Similar new technologies are on the horizon for emergency medicine providers. In an era where hospital administrators look to reduce healthcare-associated infection rates, adherence to cleaning and barrier methods must be utilized to ensure continued availability of new technologies to ED physicians.

Hand hygiene

Regardless of the setting, hand hygiene remains the most effective and least expensive infection control measure in healthcare. Despite concerted efforts on multiple levels to improve hand hygiene practices, compliance with hand hygiene remains extremely poor, averaging only 30-50%. Given the fast pace and crowded conditions of most EDs, this can only be assumed to be the same, if not worse, in the ED.

What are the conclusions of clinical trials or meta-analyses regarding infection control in the emergency department that guide current practices and policies?

Literature and recommendations specific to EDs are sparse. A melding of inpatient and outpatient practices seems reasonable but such measures often fail in translation from paper to practice. In this chapter, we will address some of the most commonly encountered obstacles, controversies, and possible interventions.
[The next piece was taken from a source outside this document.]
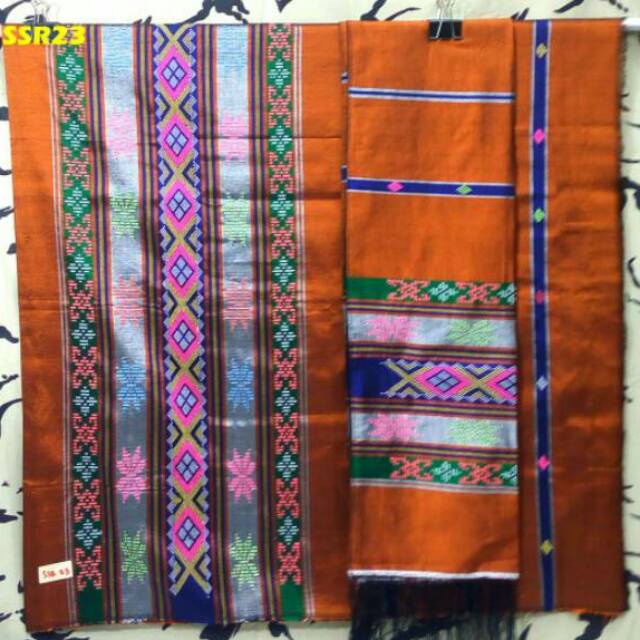 Tenun Sadum Semi Sutra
The ED presents a challenging environment for sound infection control practices. There are few databased recommendations specific to the ED that have proven to decrease the spread of infection. Practitioners should extrapolate data from both inpatient and outpatient sources, while keeping in mind those specific factors unique to ED care may make patients at higher risk of infectious complications.

Crowded waiting rooms, long wait times, close quarters in which patients are evaluated, and lack of private rooms are some of the many logistical factors that patients in the ED must contend with. Basic infection control techniques such as hand washing between patient encounters, cohort nursing assignments, and attempts to isolate potentially infectious patients should be a high priority for all EDs.

Controversies in detail.

Although not immediately an infection prevention measure, an important quality measure in the ED is the 1.6-hour recommendation for the receipt of antibiotics for community-acquired pneumonia. This recommendation is largely based on two retrospective cohort studies that showed a decreased mortality if antibiotics were given within either 4 or 8 hours of presentation, respectively.

Both of these studies used time to first dose of antibiotics as only one facet of pneumonia bundles implemented. In one study, the mortality benefit was negated when severity of illness was accounted for, although both did show reductions in hospital length of stay (LOS). Interestingly, mortality in both studies was increased if antibiotics were given within 2 hours of arrival. Other studies have failed to show a consistent increase in mortality or LOS with decreased time to antibiotic administration.

Implementation of target time to antibiotic therapy has resulted in increased rates of misdiagnosis, as well as concern over resource allocation and patient prioritization.